Q: From Bellevue to Bremerton? Are you nuts?
A: I fell in love with this place. I bought a house on the water for $200,000.
Q: Didn't Bremerton voters find it weird to have an outsider from Bellevue run for mayor?
A: When I knocked on doors I got encouragement. Nothing had happened downtown for 35 years. People were ready to give somebody new a chance.
Q: What have you done differently to get this renaissance going?
A: You have to provide leadership. I didn't see downtown as a problem, I saw it as an opportunity. The community was using its waterfront to park cars. Wow! We bought all this waterfront land for $4 million. You can't even buy a waterfront home on the Eastside for $4 million.
Q: Is it a tough sell?
A: There was no Starbucks. I couldn't believe it. They said they didn't think there was a market. What, blue-collar people don't drink coffee? Now there's a Starbucks, and it's doing great. I think the state's emerging cities are the ones this size — Wenatchee, Bremerton, Olympia, Anacortes.

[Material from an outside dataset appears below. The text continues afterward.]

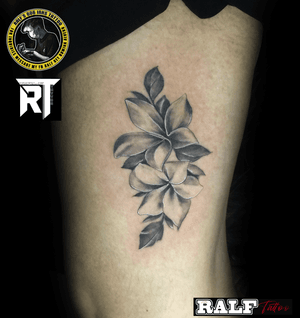 black and gray flower tattoo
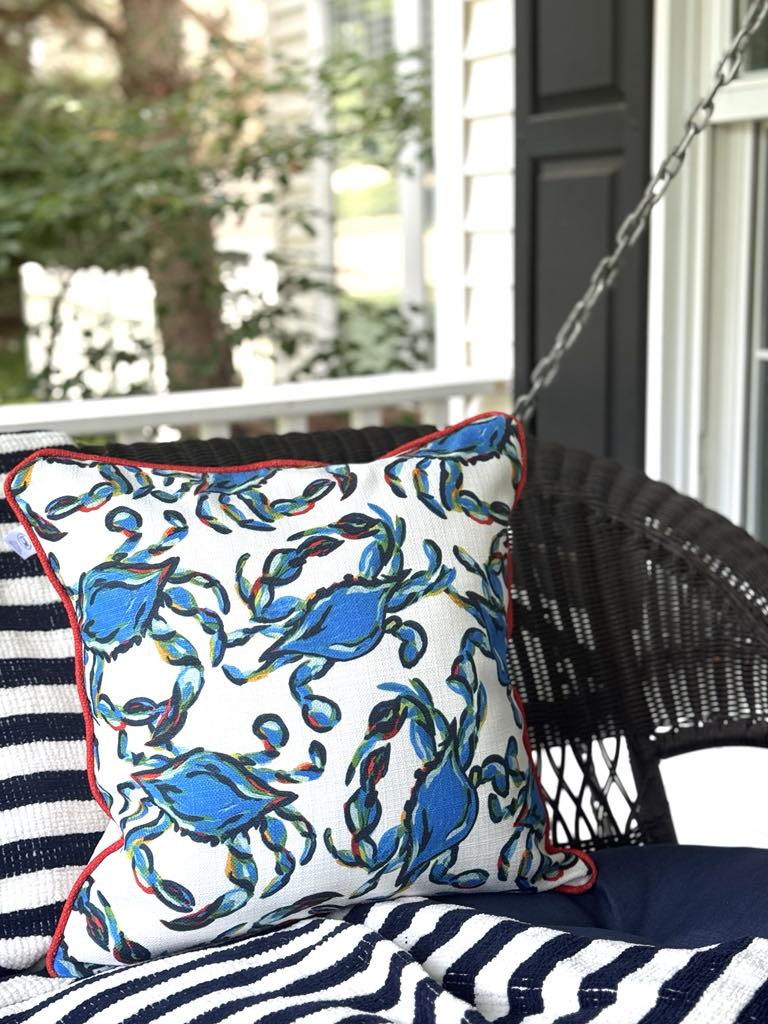 Coastal crab outdoor pillow styled on a front porch swing.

Q: How do you court developers?
A: We've got an economic-development director who represents all the departments, who works with the council. You can go to one guy and get an answer.
Q: Who's buying these downtown condos for $300,000 to $1 million?
A: People who want a waterfront home near galleries and theater who can also hop on a passenger ferry next door and be in downtown Seattle in 30 minutes.
Q: Isn't Bremerton a poor community?
A: You've got 8,000 workers in the shipyard averaging $65,000 in pay and benefits. Some of the most sophisticated work in the world is going on here. This is another Boeing — people who are well-educated and high-paid. Now our challenge is to diversify.
Q: What would you tell other mayors?
A: I believe that nothing stands still. You either go backwards or forwards.